Any question marks about the competency of the Sixers’ defense are found hanging over the heads of Ben Simmons and Markelle Fultz; two players who, at times on defense during college ball, had looked more interested in checking their twitter feeds than guarding the guy in front of them. There is undoubtedly concerns about lazy defense and the effect it can have on team morale on that end of the floor. Conversely, if Brett Brown is able to unlock the potential of Simmons and Fultz’ defense, he may find a himself another pair of elite versatile defenders, built for switching on defense. With both players, it is more a question of whether or not they are willing to put in the time and effort to become above average defenders, than it is of capability. With Simmons being such a long, athletic freak, the tools are present for him to become a defender with the versatility coaches so desperately covet. Similar to Simmons in athleticism, Fultz has his own bag of tools to utilize on defense. And what he lacks in size (6’4”), he more than makes up for in wingspan (6’10”):

All the pieces are there for the Sixers’ to have a smothering, pesky, versatile defense. A front court pairing of Embiid and Simmons would certainly require a lot of Embiid. Simmons would struggle initially with bigger traditional 4’s, and Embiid would have to be aware of not only his assignment, but Ben’s as well. But with a security blanket of Joel Embiid rejections, Simmons can focus more on ripping boards and initiating the break. Out on the wing, Robert Covington’s defense was as good as it gets when it comes to stopping quick cutters and entry passes. And in the backcourt, Redick has proven to be a capable off ball defender. If the Sixers’ coaching staff can tap into Fultz’ defensive potential, he could be one of the more talented on-ball defenders in a league where stopping point guards is getting harder and harder. But be cautioned: it comes down to whether or not Brett Brown’s staff can motivate Simmons and Fultz to maximize their efforts defensively and focus on learning technique.
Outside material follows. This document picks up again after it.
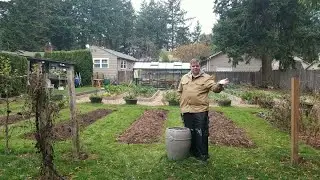 WINTER GARDENING Has Come to Portland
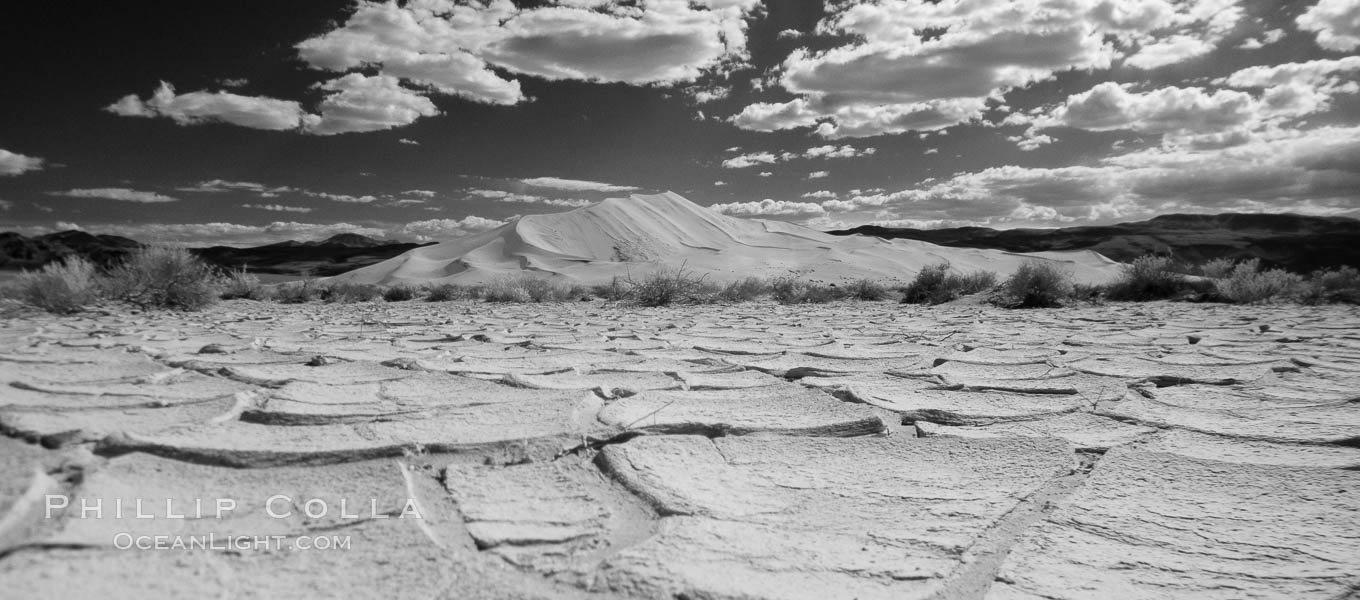 Arid and barren mud flats, dried mud, with the tall Eureka Dunes in the distance. Eureka Valley, Death Valley National Park, California, USA, natural history stock photograph, photo id 25385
One final thing I would like to touch on is my predicted starting line up: I went with Fultz/Redick/Covington/Simmons/Embiid. Simmons would be the primary ball-handler but slide to the 4 on defense. It’s no lock and it may not be the most effective lineup, but it is the best fit on paper defensively. (Covington vs Dario for a starting spot is a topic all its own for a later article.) And I love the versatility of that unit. An experiment I’d like to see, mainly against teams going small, is Covington defending ball handlers. Fultz could be so disruptive off the ball defensively. He has shown a knack for sliding from the weak side and timing blocks perfectly. Those plays are really encouraging to see, because it shows that Fultz does at times want to play defense, even if it’s for the highlight reel. Putting Fultz on smaller wings allows him to exert less energy on defense while putting Covington in a position to maximize his effort in a role where he’s strongest.

Ultimately, the Sixers’ are going to have a lot of moving parts. It could take all season to assimilate this roster properly. But with a wide open East, it’s important for the Sixers to snag a playoff seed; it would provide valuable experience to a team constructed mostly of players who aren’t old enough to rent a car. In order to do that, the Sixers must rely on fundamentally sound and relentless defense. The tools are there, Brett: build a brick wall.